→ EXERCISE INPUT:
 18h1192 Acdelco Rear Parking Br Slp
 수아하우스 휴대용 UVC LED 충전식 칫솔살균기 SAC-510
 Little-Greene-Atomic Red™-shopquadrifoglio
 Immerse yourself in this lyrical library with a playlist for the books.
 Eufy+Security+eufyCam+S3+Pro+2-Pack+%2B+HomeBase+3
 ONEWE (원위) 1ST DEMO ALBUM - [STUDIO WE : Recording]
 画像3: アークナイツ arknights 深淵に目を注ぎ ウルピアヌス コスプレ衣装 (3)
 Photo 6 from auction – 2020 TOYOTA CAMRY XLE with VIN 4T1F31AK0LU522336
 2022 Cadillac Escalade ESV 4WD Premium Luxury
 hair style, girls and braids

---

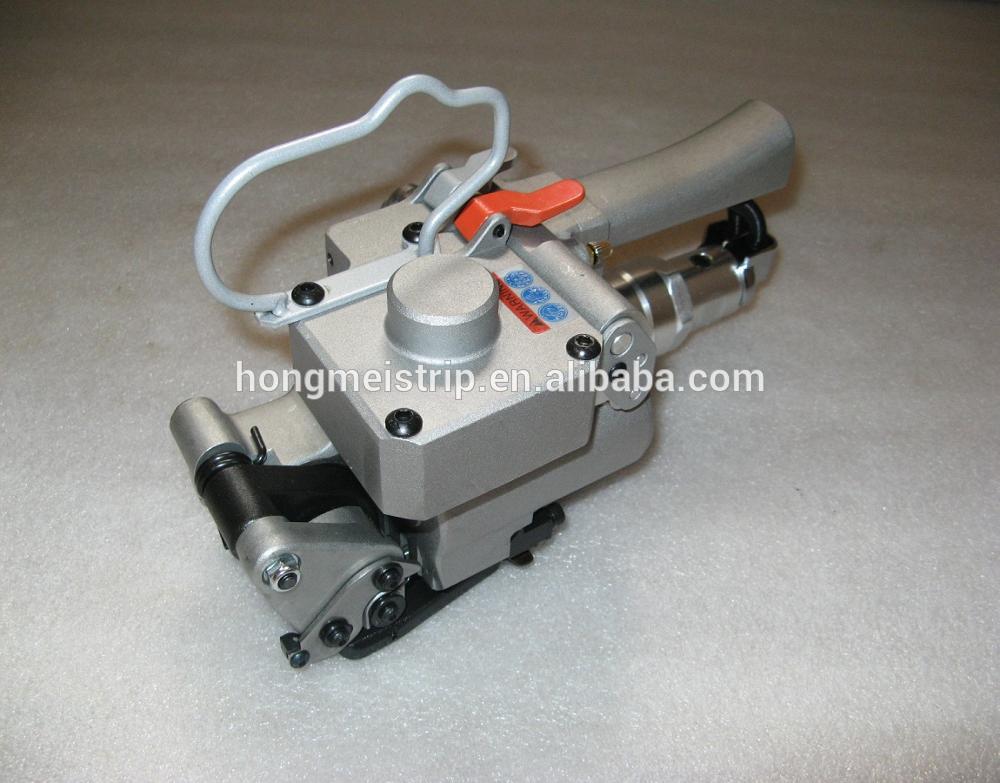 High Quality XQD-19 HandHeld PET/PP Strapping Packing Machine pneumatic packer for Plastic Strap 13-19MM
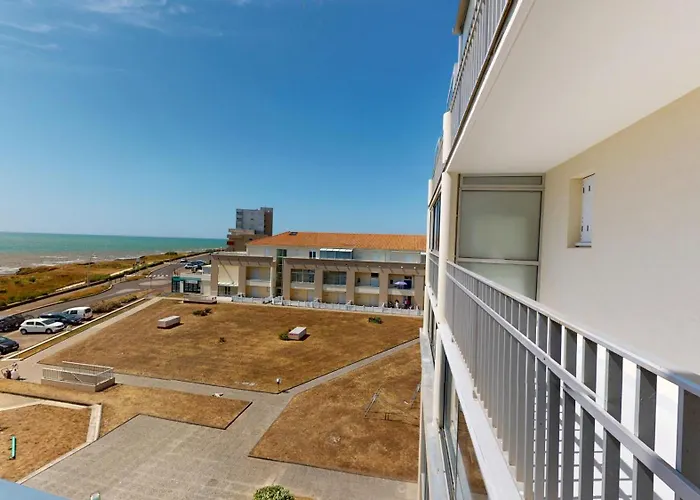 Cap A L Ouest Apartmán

→ WHAT YOU WILL DO:
Retype, in the same exact form, the lines of the material above from the line holding "18h1192 Acdelco Rear Parking Br Slp" through the line holding "hair style, girls and braids".

→ TASK SOLUTION:
 18h1192 Acdelco Rear Parking Br Slp
 수아하우스 휴대용 UVC LED 충전식 칫솔살균기 SAC-510
 Little-Greene-Atomic Red™-shopquadrifoglio
 Immerse yourself in this lyrical library with a playlist for the books.
 Eufy+Security+eufyCam+S3+Pro+2-Pack+%2B+HomeBase+3
 ONEWE (원위) 1ST DEMO ALBUM - [STUDIO WE : Recording]
 画像3: アークナイツ arknights 深淵に目を注ぎ ウルピアヌス コスプレ衣装 (3)
 Photo 6 from auction – 2020 TOYOTA CAMRY XLE with VIN 4T1F31AK0LU522336
 2022 Cadillac Escalade ESV 4WD Premium Luxury
 hair style, girls and braids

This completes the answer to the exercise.